● MATERIAL PROVIDED:
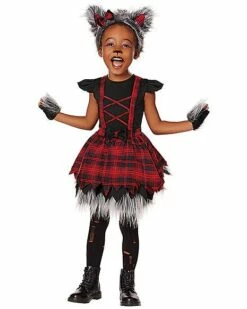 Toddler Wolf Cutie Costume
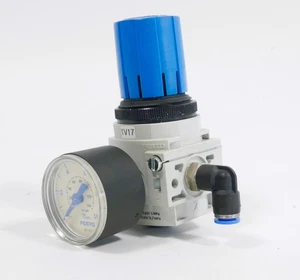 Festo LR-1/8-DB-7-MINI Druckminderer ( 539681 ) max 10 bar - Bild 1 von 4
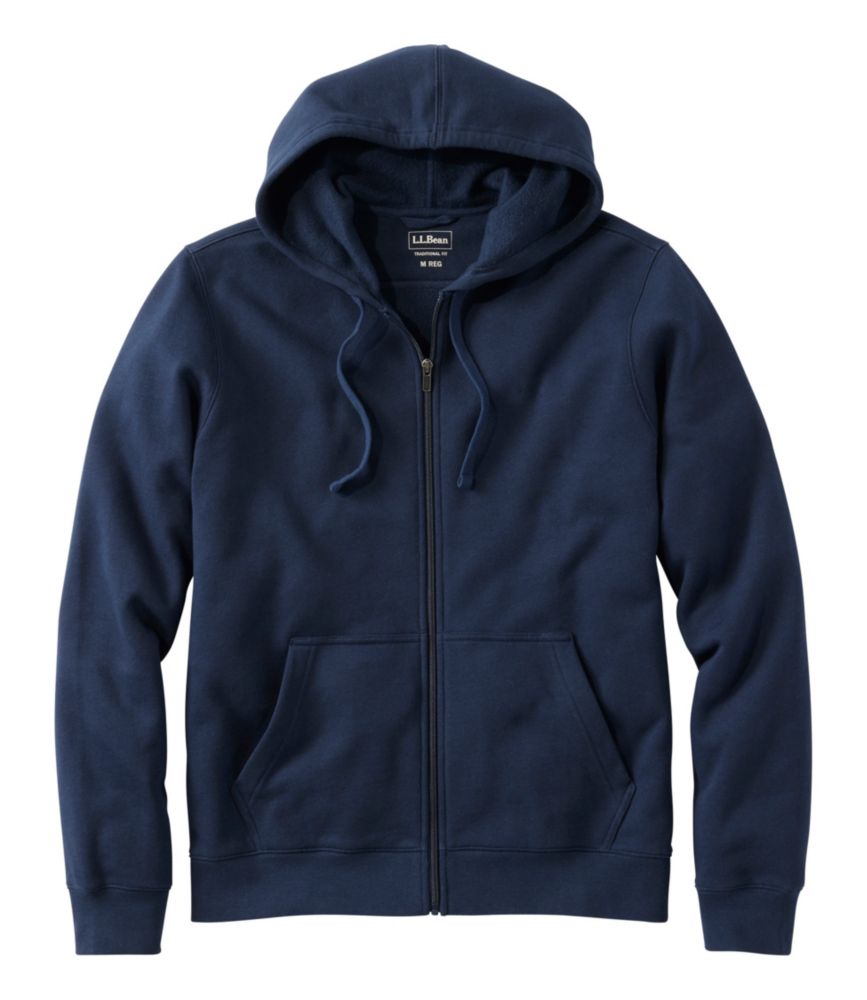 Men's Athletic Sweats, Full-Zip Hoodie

● PROBLEM: Repeat all of the data above word for word, minus the pictures.

● REPLY TO THE TASK:
 Toddler Wolf Cutie Costume
 Festo LR-1/8-DB-7-MINI Druckminderer ( 539681 ) max 10 bar - Bild 1 von 4
 Men's Athletic Sweats, Full-Zip Hoodie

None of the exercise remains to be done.